== Segment start ==
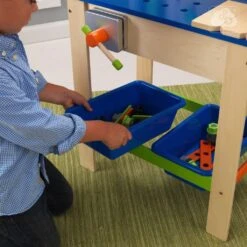 Luxe Werkbank Met Toebehoren Kidkraft -Bekende Speelgoed Winkel werkbank kidkraft 63329 4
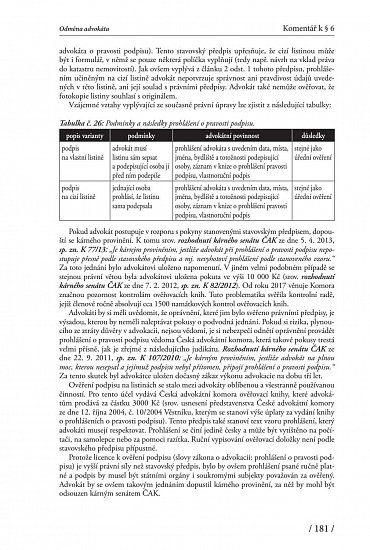 Náhled Advokátní tarif - Odměna advokáta podle stavu k 1.2.2019 - Komentář (vyhláška č. 177/1996 Sb.
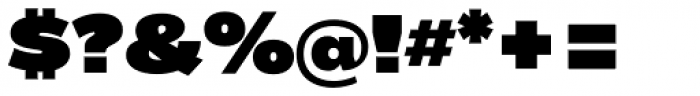 Catalpa Ultrablack Font OTHER CHARS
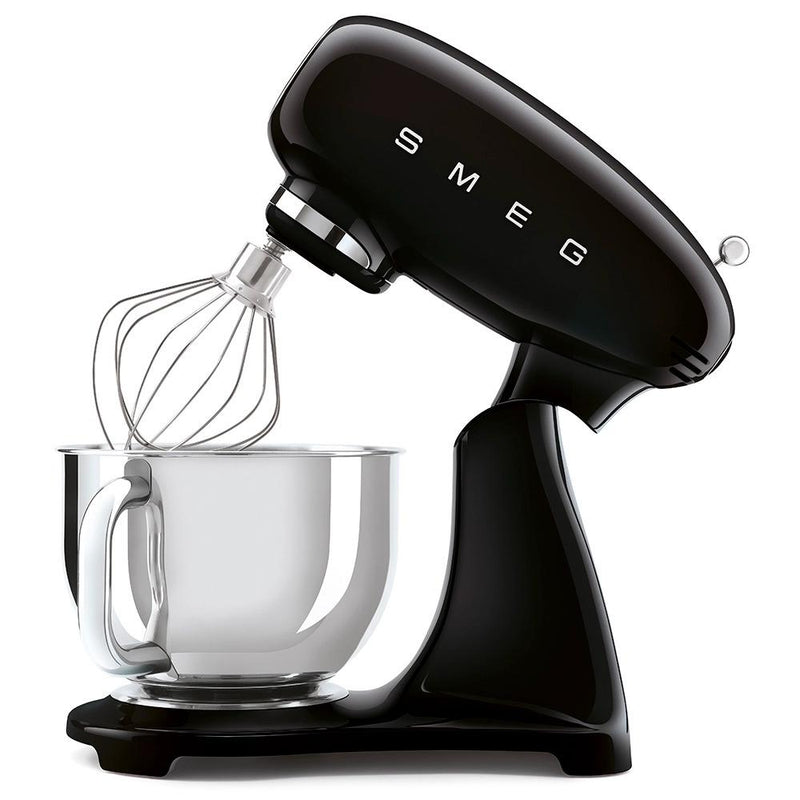 Smeg Batteur sur socle 50's Retro Style Aesthetic de 4,8l avec 600 w SMF03BLUS - Germain Larivière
== Segment end ==
Find the line with "Náhled Advokátní tarif" in the listing above, then write it out along with every later line through the last one, exactly, omitting pictures.

 Náhled Advokátní tarif - Odměna advokáta podle stavu k 1.2.2019 - Komentář (vyhláška č. 177/1996 Sb.
 Catalpa Ultrablack Font OTHER CHARS
 Smeg Batteur sur socle 50's Retro Style Aesthetic de 4,8l avec 600 w SMF03BLUS - Germain Larivière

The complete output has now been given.